TO generate a sample g-coded file from scratch for testing motion only on D3D :

  1. Home Axes -
    1. G28 X0 Y0 - just x and y
  2. Start moving -
    1. G1 X50 Y50
    2. G1 X150 Y50
    3. G1 X50 Y50
    4. G1 X150 Y50

This just moves the x axis back and forth

When it comes to extruding - read on.

G Code Generation for 3D Printing

  • G code generation for 3D printing is nontrivial because you also have to specify how much filament to extrude

I found that manually writing gcode for the suggested "burn in test" print was nontrivial. A few example lines of gcode taken from test-cube.gcode look like this:

G1 X110.200 Y110.200 E2.00144

G1 X93.000 Y110.200 E2.32498

G1 X93.000 Y93.000 E2.64853

It's all straightforward until you get to E -- this is a measure of how much filament to extrude in mm. But it is additive -- so the file starts at 0 and increases continuously until the end of the file.
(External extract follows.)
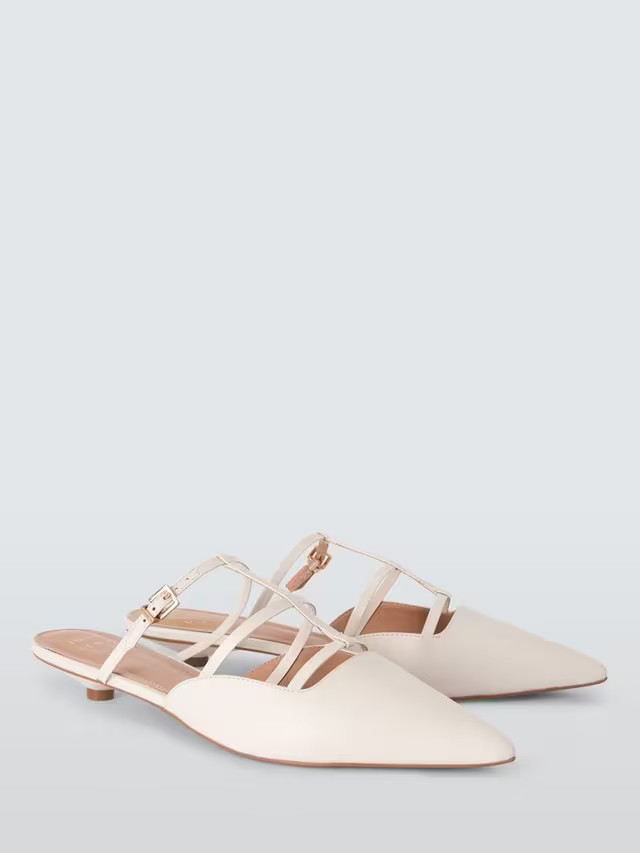 John LewisDallas Leather Ultra Low Kitten Heel Pointed Mule Court Shoes, Off White | John Lewis (UK)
Slicer programs like CURA do the work of calculating the E value for each movement.

I found I could calculate a value (length of axis movement times layer height times layer width) -- but doing so for the entirety of the file seemed like more work than it was worth. Is there a trick I'm missing?

I also attempted making a file in FreeCAD but had trouble getting a 3D shape with width from my sketch -- my FreeCAD skills are like 1/10.

So anyway, then I googled it: https://www.thingiverse.com/thing:2779287 and thought this should work just fine.

The initial test on my printer shows me that my print area is less than the full 8-inch square bed. Photo attached shows my print area limits.

The front limit (right side of photo) is due to the X-axis motor hitting up against the front frame. The right limit (top side of photo) is less clear -- my extruder refuses to move any further along the X-axis but I don't visually see anything obstructing its motion. The distance left on the axis is about 1 inch.

Which means -- at this point, I don't think this printer has the capacity to complete the burn-in test at any speed, let alone a 16-motor production print.